■ Problem to solve: Each line below must be set down exactly; omit any image you find.

■ Recorded data:
++++

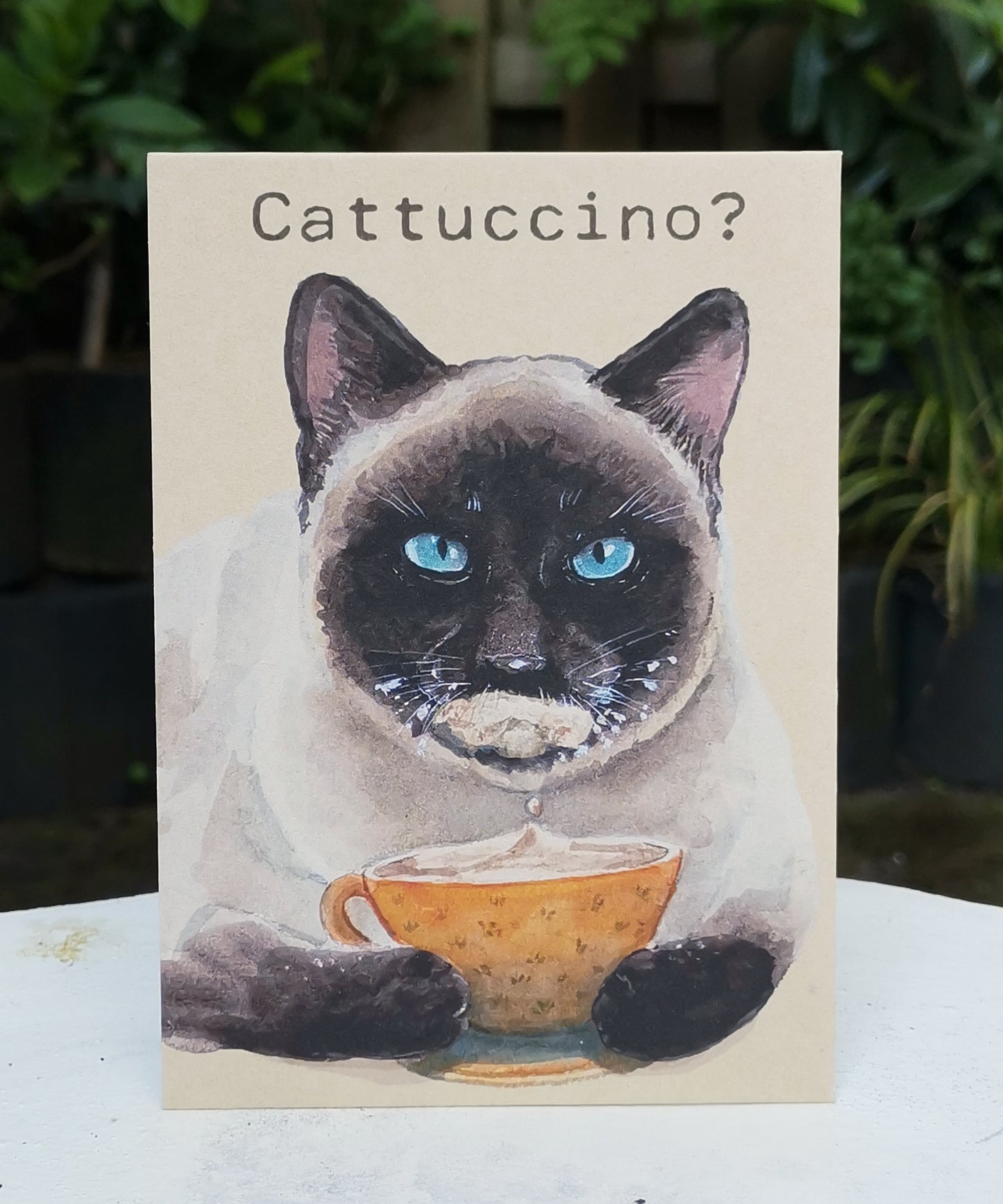 Postcard - Cattuchino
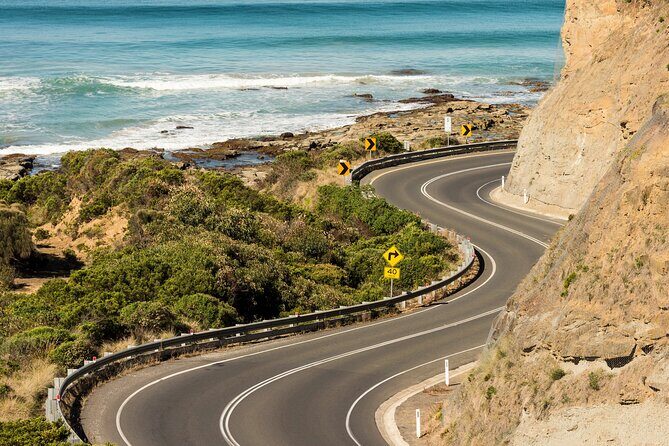 Great Ocean Road Coastal Spectcular with Wildlife Wonders - Gorge Chocolates and Loch Ard Gorge: farmyard fun and a real rescue story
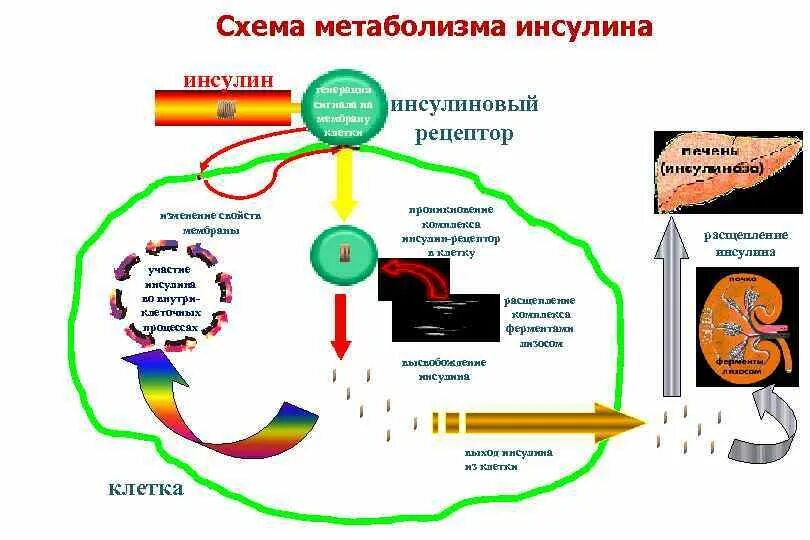 Действие инсулина на метаболические процессы схема. Инсулин в энергетическом обмене. Метаболический путь инсулина биохимия. Влияние инсулина на обмен веществ биохимия. Участвует в белковом обмене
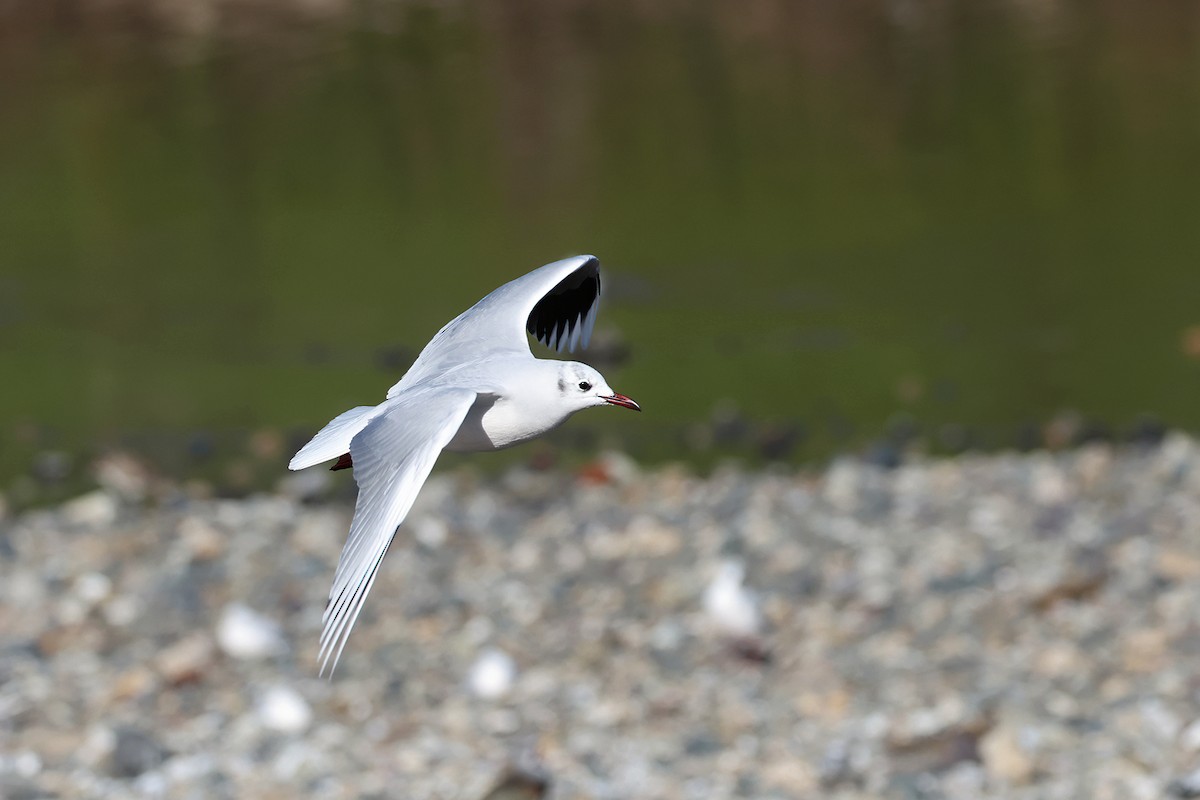 Brown-hooded Gull - ML622905790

++++

■ Task output:
 Postcard - Cattuchino
 Great Ocean Road Coastal Spectcular with Wildlife Wonders - Gorge Chocolates and Loch Ard Gorge: farmyard fun and a real rescue story
 Действие инсулина на метаболические процессы схема. Инсулин в энергетическом обмене. Метаболический путь инсулина биохимия. Влияние инсулина на обмен веществ биохимия. Участвует в белковом обмене
 Brown-hooded Gull - ML622905790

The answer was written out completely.